HASHIRU / tools /web_commands.py
mulambo's picture
Initial commit
fea1bd1
"""
Real Web Search Tools - Updated for duckduckgo-search v8.1.1 (2025)
HASHIRU 6.1 - Internet access with real search capabilities
"""
import asyncio
import json
import httpx
from typing import Dict, Any, List, Optional
from datetime import datetime
from pathlib import Path
# Import DuckDuckGo search (latest version)
try:
from duckduckgo_search import DDGS
DDG_AVAILABLE = True
print("✅ DuckDuckGo search library v8.1.1+ loaded")
except ImportError:
DDG_AVAILABLE = False
print("⚠️ DuckDuckGo search not available. Install: pip install duckduckgo-search")
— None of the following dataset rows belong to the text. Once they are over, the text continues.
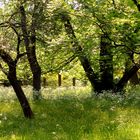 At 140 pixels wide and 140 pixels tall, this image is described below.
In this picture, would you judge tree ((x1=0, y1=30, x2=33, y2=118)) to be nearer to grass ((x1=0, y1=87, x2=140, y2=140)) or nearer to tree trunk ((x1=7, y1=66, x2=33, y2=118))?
tree trunk ((x1=7, y1=66, x2=33, y2=118))

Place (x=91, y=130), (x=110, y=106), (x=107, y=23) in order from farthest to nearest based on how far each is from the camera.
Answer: (x=107, y=23)
(x=110, y=106)
(x=91, y=130)

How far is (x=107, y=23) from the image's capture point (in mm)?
17547

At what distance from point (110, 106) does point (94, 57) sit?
7424 millimetres

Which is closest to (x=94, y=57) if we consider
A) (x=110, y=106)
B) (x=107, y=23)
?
(x=107, y=23)

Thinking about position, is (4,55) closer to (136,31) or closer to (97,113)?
(97,113)

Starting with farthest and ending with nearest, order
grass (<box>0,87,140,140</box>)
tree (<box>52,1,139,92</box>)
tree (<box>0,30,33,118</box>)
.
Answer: tree (<box>52,1,139,92</box>) → tree (<box>0,30,33,118</box>) → grass (<box>0,87,140,140</box>)

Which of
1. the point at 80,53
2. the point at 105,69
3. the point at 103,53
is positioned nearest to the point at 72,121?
the point at 80,53

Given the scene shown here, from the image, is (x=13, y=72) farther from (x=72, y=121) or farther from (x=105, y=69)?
(x=105, y=69)

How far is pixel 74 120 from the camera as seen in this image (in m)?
13.0

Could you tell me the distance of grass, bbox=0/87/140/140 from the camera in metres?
10.5

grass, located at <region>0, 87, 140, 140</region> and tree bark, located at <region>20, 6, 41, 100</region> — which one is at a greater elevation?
tree bark, located at <region>20, 6, 41, 100</region>

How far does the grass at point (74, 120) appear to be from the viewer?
10.5 meters

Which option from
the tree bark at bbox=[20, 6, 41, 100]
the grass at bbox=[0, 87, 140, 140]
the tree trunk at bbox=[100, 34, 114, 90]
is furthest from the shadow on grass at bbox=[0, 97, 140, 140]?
the tree trunk at bbox=[100, 34, 114, 90]

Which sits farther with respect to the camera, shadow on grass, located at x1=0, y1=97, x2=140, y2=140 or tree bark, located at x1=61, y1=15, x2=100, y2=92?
tree bark, located at x1=61, y1=15, x2=100, y2=92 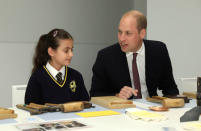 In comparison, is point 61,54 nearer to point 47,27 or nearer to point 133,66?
point 133,66

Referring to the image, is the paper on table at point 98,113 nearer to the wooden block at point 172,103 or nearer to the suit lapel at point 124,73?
the wooden block at point 172,103

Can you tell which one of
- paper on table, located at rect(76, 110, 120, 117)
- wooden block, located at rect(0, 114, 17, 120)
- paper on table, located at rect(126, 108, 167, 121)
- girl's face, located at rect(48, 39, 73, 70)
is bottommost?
paper on table, located at rect(76, 110, 120, 117)

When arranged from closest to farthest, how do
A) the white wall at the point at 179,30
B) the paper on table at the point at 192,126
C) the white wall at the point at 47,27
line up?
1. the paper on table at the point at 192,126
2. the white wall at the point at 47,27
3. the white wall at the point at 179,30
async def handle_search(query: str, max_results: int = 10) -> Dict[str, Any]:
"""
Real internet search using DuckDuckGo (v8.1.1+ API)
Usage: /search <query> [max_results]
"""
if not query.strip():
return {"error": "Search query cannot be empty"}
if not DDG_AVAILABLE:
return {"error": "DuckDuckGo search library not installed. Run: pip install duckduckgo-search"}
try:
# Use context manager for DDGS (recommended in v8+)
with DDGS() as ddgs:
# Perform search - new API doesn't use max_results in function call
search_results = ddgs.text(
keywords=query,
region="us-en",
safesearch="moderate"
)
# Limit results manually (new API behavior)
results = []
for i, result in enumerate(search_results):
if i >= max_results:
break
results.append({
"position": i + 1,
"title": result.get("title", ""),
"url": result.get("href", ""),
"snippet": result.get("body", ""),
"domain": result.get("href", "").split('/')[2] if result.get("href") else ""
})
# Save search results to free path
search_data = {
"query": query,
"timestamp": datetime.now().isoformat(),
"total_results": len(results),
"results": results,
"api_version": "duckduckgo-search v8.1.1+"
}
# Save to free project folder
free_path = Path(r"C:\meu_projeto_livre")
free_path.mkdir(exist_ok=True)
search_file = free_path / f"search_{query.replace(' ', '_')[:20]}_{int(datetime.now().timestamp())}.json"
with open(search_file, 'w', encoding='utf-8') as f:
json.dump(search_data, f, indent=2, ensure_ascii=False)
return {
"success": True,
"query": query,
"results": results,
"total_found": len(results),
"search_engine": "DuckDuckGo v8.1.1+",
"saved_to": str(search_file),
"timestamp": datetime.now().isoformat()
}
except Exception as e:
return {"error": f"Search failed: {str(e)}"}
async def handle_news(topic: str = "technology", max_results: int = 5) -> Dict[str, Any]:
"""
Search for news using updated API
Usage: /news [topic] [max_results]
"""
if not DDG_AVAILABLE:
return {"error": "DuckDuckGo search library not installed"}
try:
with DDGS() as ddgs:
# News search with new API
news_results = ddgs.news(
keywords=topic,
region="us-en",
safesearch="moderate"
)
articles = []
for i, article in enumerate(news_results):
if i >= max_results:
break
articles.append({
"position": i + 1,
"title": article.get("title", ""),
"url": article.get("url", ""),
"source": article.get("source", ""),
"published": article.get("date", ""),
"snippet": article.get("body", "")
})
# Save news to free path
news_data = {
"topic": topic,
"timestamp": datetime.now().isoformat(),
"articles": articles,
"total_articles": len(articles),
"api_version": "duckduckgo-search v8.1.1+"
}
free_path = Path(r"C:\meu_projeto_livre")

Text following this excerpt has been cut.